----- ENTRIES SUPPLIED
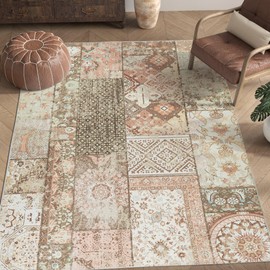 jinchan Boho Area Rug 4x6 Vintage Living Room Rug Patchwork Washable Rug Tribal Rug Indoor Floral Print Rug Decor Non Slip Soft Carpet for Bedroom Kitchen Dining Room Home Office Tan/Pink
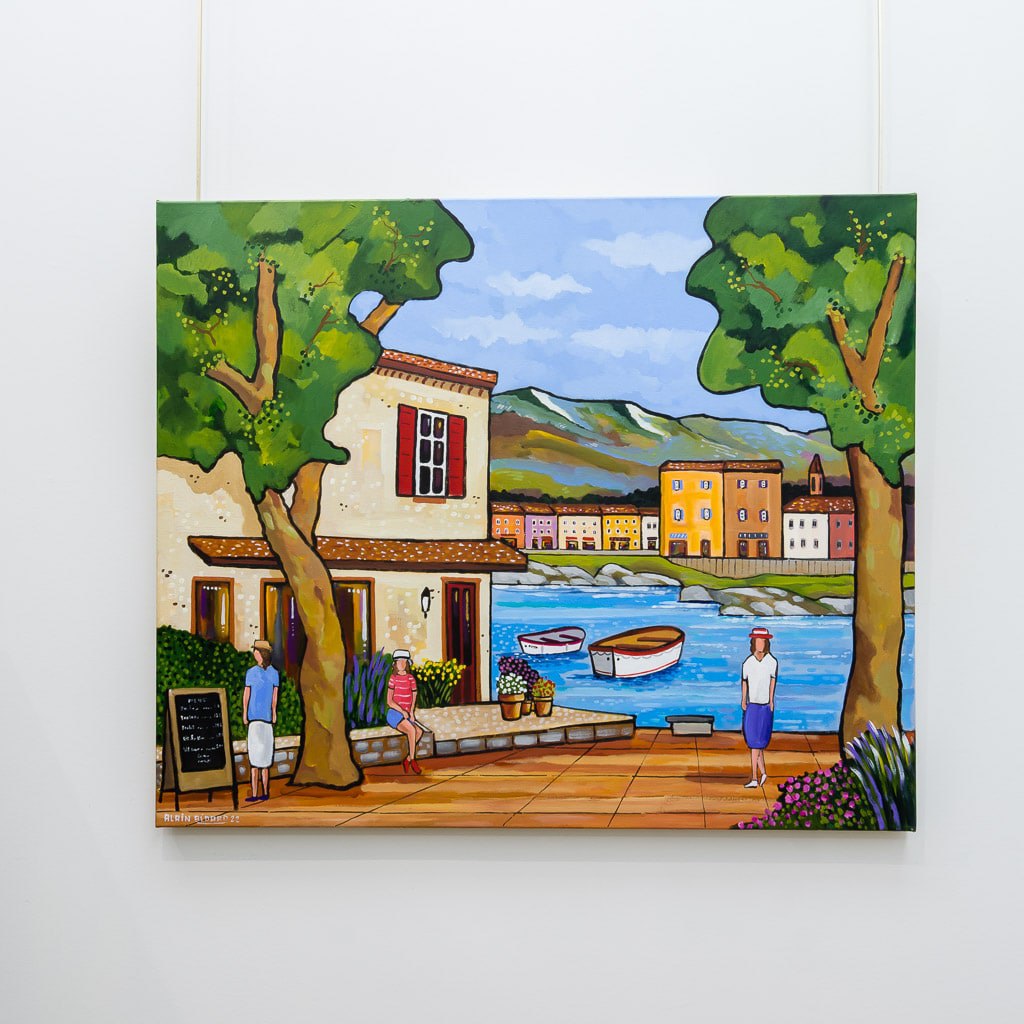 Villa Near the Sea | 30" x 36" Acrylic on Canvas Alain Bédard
----------
----- ENTRIES SUPPLIED
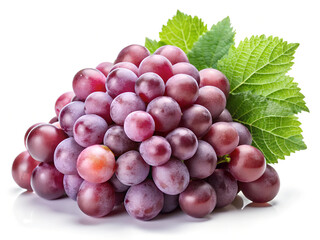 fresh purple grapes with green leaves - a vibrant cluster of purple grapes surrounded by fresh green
----------
What are the lines above from the one with "jinchan Boho Area" to the one with "Villa Near the", both included? Reproduce them exactly, without pictures.

 jinchan Boho Area Rug 4x6 Vintage Living Room Rug Patchwork Washable Rug Tribal Rug Indoor Floral Print Rug Decor Non Slip Soft Carpet for Bedroom Kitchen Dining Room Home Office Tan/Pink
 Villa Near the Sea | 30" x 36" Acrylic on Canvas Alain Bédard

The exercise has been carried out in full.